Una vez, cuando era chica (debo haber tenido unos diez u once años), me quedé metida en el auto leyendo un libro en vez de bajarme a ver el museo de la Gabriela Mistral allá en Vicuña. Acá tienen todos la obsesión con los poetas del Nobel y a mí me parecía más interesante quedarme con mi libro que ir a ver los sillones de la Gabriela, o sus ollas de cocina, o sus calzones. Aunque acaso lo de los calzones no aparezca porque es demasiado privado, pero una nunca sabe, porque hasta los diarios de la gente los publican y eso es peor que encontrar calzones blancos viejos.

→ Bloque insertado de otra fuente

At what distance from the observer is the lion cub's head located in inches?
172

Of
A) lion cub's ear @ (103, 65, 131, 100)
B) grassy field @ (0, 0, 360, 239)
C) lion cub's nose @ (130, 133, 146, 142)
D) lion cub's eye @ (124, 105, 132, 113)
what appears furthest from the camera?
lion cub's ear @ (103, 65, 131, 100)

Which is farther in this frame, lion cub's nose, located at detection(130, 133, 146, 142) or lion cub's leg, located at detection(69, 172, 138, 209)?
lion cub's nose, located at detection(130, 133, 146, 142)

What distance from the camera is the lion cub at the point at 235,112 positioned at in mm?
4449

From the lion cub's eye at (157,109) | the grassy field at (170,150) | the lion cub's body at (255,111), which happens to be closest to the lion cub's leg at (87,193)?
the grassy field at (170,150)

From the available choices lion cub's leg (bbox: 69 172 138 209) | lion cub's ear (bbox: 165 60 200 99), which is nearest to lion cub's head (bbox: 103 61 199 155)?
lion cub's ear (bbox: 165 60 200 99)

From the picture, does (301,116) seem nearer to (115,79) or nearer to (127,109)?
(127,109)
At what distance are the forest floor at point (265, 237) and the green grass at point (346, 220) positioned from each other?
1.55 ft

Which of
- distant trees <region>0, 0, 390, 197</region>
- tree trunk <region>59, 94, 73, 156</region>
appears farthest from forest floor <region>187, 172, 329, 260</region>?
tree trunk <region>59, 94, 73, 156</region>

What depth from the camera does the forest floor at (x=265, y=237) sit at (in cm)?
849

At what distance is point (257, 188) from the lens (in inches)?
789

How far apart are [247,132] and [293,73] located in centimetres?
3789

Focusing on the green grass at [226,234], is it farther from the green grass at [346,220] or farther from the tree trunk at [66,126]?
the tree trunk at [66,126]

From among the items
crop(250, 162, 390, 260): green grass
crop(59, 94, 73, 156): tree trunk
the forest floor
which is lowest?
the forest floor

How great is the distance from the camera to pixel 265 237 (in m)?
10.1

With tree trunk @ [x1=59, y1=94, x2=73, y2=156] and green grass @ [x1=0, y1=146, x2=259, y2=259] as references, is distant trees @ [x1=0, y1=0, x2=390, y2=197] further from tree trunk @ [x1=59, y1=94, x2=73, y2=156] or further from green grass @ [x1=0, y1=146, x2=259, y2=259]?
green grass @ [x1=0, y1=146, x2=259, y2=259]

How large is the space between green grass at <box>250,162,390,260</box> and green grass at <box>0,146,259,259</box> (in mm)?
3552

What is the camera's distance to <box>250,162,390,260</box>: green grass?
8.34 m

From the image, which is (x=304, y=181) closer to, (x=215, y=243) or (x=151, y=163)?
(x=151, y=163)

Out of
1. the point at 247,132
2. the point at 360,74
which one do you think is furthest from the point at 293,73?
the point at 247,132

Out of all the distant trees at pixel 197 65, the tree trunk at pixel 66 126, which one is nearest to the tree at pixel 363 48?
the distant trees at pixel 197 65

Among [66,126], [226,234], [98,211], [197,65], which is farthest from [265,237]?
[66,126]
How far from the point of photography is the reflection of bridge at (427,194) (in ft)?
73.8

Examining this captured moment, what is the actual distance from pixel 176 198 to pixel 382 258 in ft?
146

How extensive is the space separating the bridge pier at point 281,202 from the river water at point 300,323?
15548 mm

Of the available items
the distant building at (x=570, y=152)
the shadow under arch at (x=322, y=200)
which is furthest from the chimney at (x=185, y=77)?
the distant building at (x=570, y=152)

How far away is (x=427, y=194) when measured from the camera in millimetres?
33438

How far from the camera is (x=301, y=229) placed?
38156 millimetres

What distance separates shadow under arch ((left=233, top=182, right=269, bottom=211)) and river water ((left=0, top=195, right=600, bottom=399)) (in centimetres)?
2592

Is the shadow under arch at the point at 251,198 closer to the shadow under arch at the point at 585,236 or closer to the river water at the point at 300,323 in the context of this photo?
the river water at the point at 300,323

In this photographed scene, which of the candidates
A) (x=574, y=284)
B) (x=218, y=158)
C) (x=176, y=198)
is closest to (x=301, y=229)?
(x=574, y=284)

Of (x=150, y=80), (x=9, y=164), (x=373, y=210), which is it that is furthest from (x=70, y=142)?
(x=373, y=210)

Tengo diecinueve años y llevo no sé cuántos entreteniéndome con las cosas que escribo (y hablando alternativamente en inglés y español sobre montones de cosas cuando estoy sola en casa o a punto de dormirme), porque estoy convencida de que esto sirve para conocerse por dentro casi tanto como leerse las cartas con un tarotista de los buenos. No creo en Dios pero creo en el mal de ojo y el tráfico de energías. Me dijeron que tengo el aura roja y desde entonces suelo prender una velita del mismo color por las noches. Tengo un cactus que no logro cuidar como corresponde y varios aros huachos que me pongo en la oreja izquierda las más de las veces. No me gusta andar por la casa con calcetines y a veces me paso todo el día cantando una sola estrofa de una sola canción.

Mis cuadernos están llenos de 1) letras de canciones ajenas y 2) dibujos a medio terminar. A veces también hay cuentos y esas cosas, pero últimamente he tenido que empezar a sacar todo eso a la fuerza.